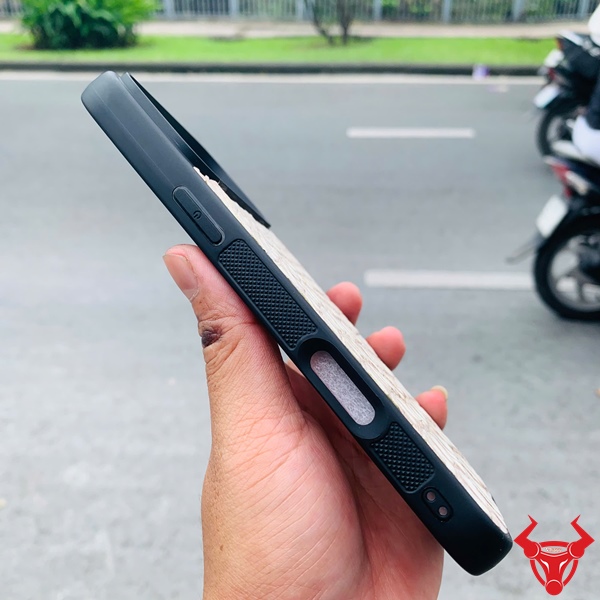 Ốp Lưng iPhone 17 Pro Max Từ Da Cá Sấu Bạch Tạng Thật Ốp lưng da cá sấu thật bạch tạng cho iPhone 17 Pro Max chính hãng.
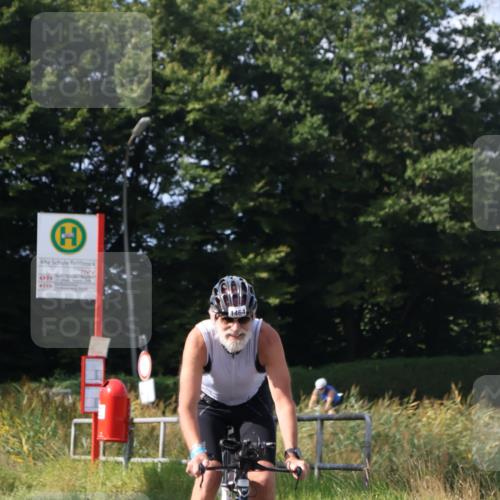 25.08.2024 - Elbe Triathlon Hamburg Fuchs,  Jonas http://msf.ph/oto/6868938 25.08.2024 11:04:56 Radfahren 1623, 1464, 1495, 1614 meine-sportfotos.de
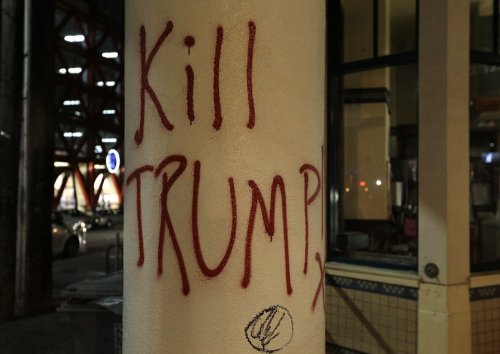 1 February 2017 - Anti-fascist protest at UC Berkley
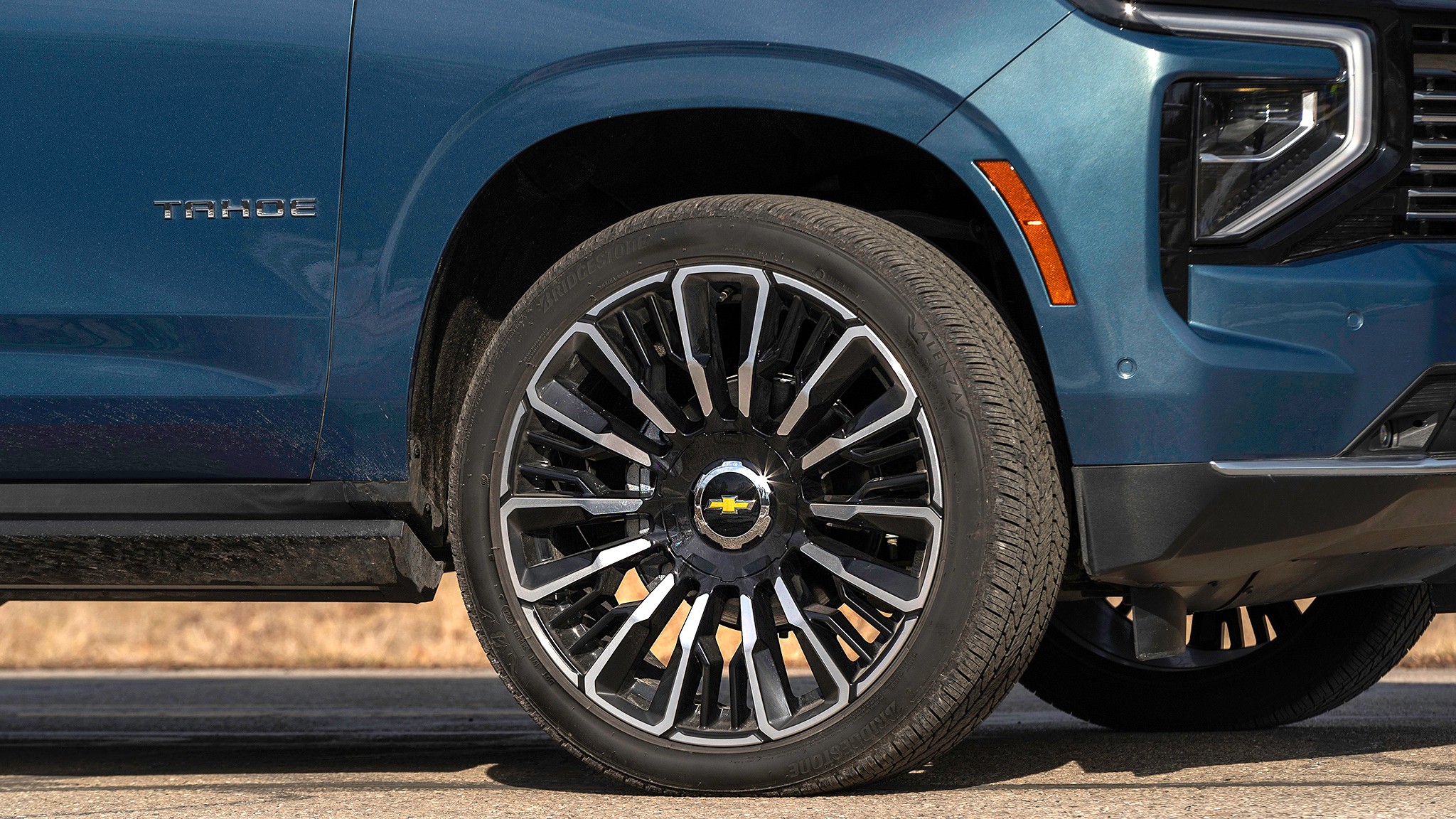 022 2025 Chevrolet Tahoe High Country wheel tire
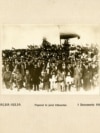 Manifestanți și soldați participanți la Marea Adunare de la Alba Iulia, 1 Decembrie 1918. Una din cele numai cinci fotografii originale. Biblioteca Centrală Universitară Cluj. 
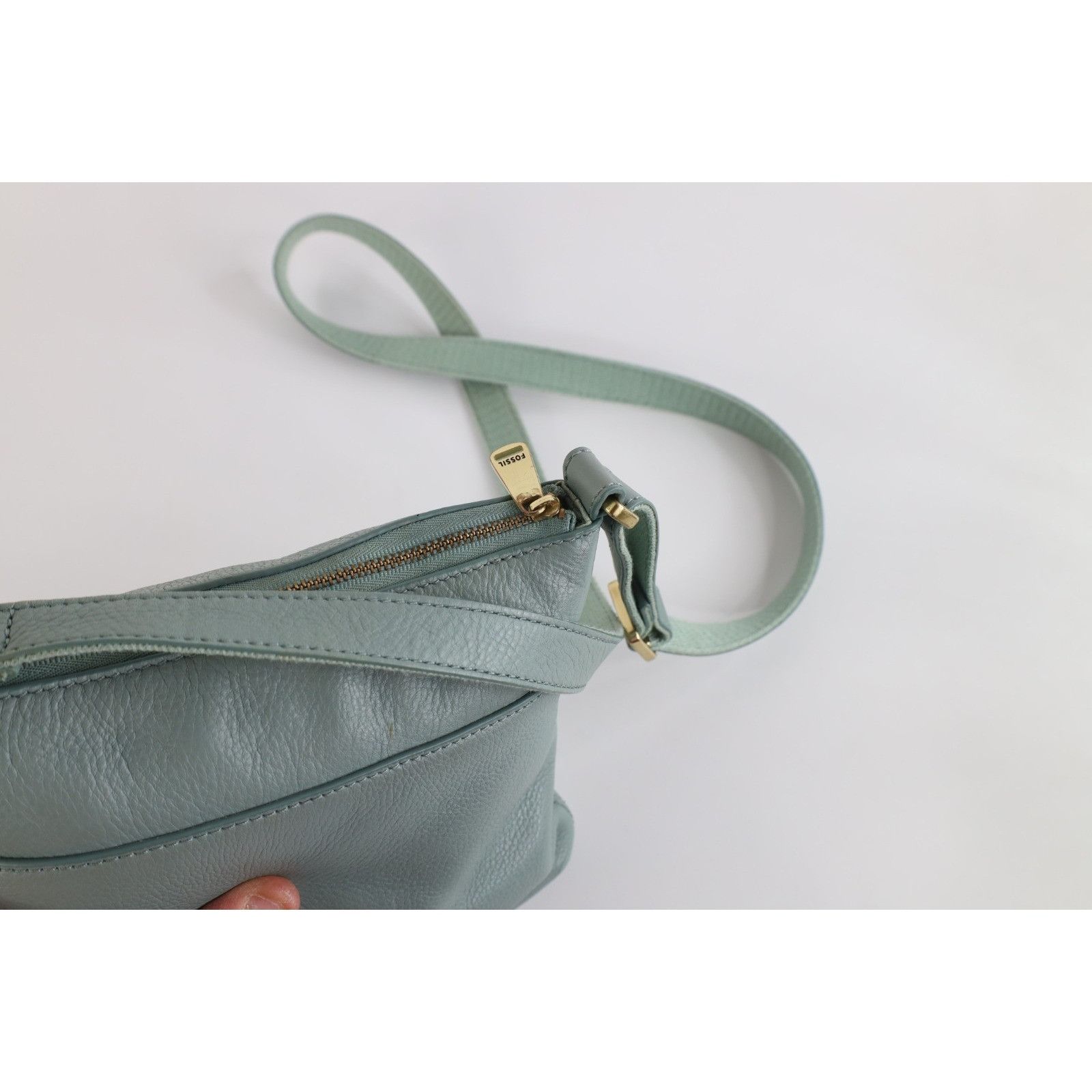 Fossil Vintage Y2K Fossil Babydoll Distressed Leather Crossbody Bag Size ONE SIZE - 5 Thumbnail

▶ _WORK REQUEST_: Exactly as written, restate the lines from the one that contains "1 February 2017" through the final line of the data, both ends included, but leave out the pictures.

▶ _SOLUTION TO THE EXERCISE_:
 1 February 2017 - Anti-fascist protest at UC Berkley
 022 2025 Chevrolet Tahoe High Country wheel tire
 Manifestanți și soldați participanți la Marea Adunare de la Alba Iulia, 1 Decembrie 1918. Una din cele numai cinci fotografii originale. Biblioteca Centrală Universitară Cluj. 
 Fossil Vintage Y2K Fossil Babydoll Distressed Leather Crossbody Bag Size ONE SIZE - 5 Thumbnail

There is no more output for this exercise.